Objectives: Tirzepatide is a glucagon-like peptide-1 receptor agonist (GLP-1a) and glucose-dependent insulinotropic polypeptide receptor agonist. Tirzepatide is indicated as an antihyperglycemic agent for patients with Type 2 Diabetes. In 2023, tirzepatide gained Food and Drug Administration approval for treating patients with an overweight Body Mass Index (BMI) or obesity meeting specific criteria. Medical spas have emerged selling compounded tirzepatide to meet high demand. Our case demonstrates a potential link between compounded tirzepatide and psychiatric adverse effects.

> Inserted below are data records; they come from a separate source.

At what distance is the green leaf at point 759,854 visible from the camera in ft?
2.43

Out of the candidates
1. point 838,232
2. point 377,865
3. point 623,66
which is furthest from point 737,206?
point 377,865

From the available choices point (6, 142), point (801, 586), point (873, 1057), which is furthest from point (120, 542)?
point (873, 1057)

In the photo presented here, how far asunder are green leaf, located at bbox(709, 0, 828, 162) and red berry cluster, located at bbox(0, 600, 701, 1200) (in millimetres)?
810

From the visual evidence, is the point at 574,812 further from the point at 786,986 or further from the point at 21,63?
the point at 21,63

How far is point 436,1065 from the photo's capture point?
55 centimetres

Methods: A 61-year-old female with a history of anxiety and depression presented to the clinic due to a four-day history of headache, vomiting, diarrhea, paranoia, and visual hallucinations. Her symptoms began after increasing her dose of compounded subcutaneous tirzepatide which she obtained from a local medical spa with the goal of weight loss. She described her hallucinations as seeing “lines and shapes” that did not occur prior to her headache. She reported being afraid in her home, “like someone was planning to break in.” She was aware these were inaccurate depictions of reality and denied personal or family history of her current symptoms. Laboratory testing was significant for transaminitis. She was advised to discontinue tirzepatide. The patient returned to the clinic eight days later with a resolution of her paranoia and hallucinations.
Results: Despite having pre-existing anxiety and depression, the patient only developed paranoia and visual hallucinations after a dose increase of compounded tirzepatide which resolved with discontinuation. A recent three-case series described patients requiring Poison Control services after receiving ultrahigh doses of semaglutide (GLP-1a) due to administration errors from compounding pharmacies and a medical spa. It is important to recognize the indications of tirzepatide. Our patient had an overweight BMI prior to initiating the medication but did not have weight-related comorbidities therefore was receiving the medication off-label.
Conclusions: This is the first documented case report of paranoia and visual hallucinations associated with compounded tirzepatide. It is crucial for healthcare providers to acknowledge the potential dangers of compounded medications.
Funding Sources: No funding was accepted for this study.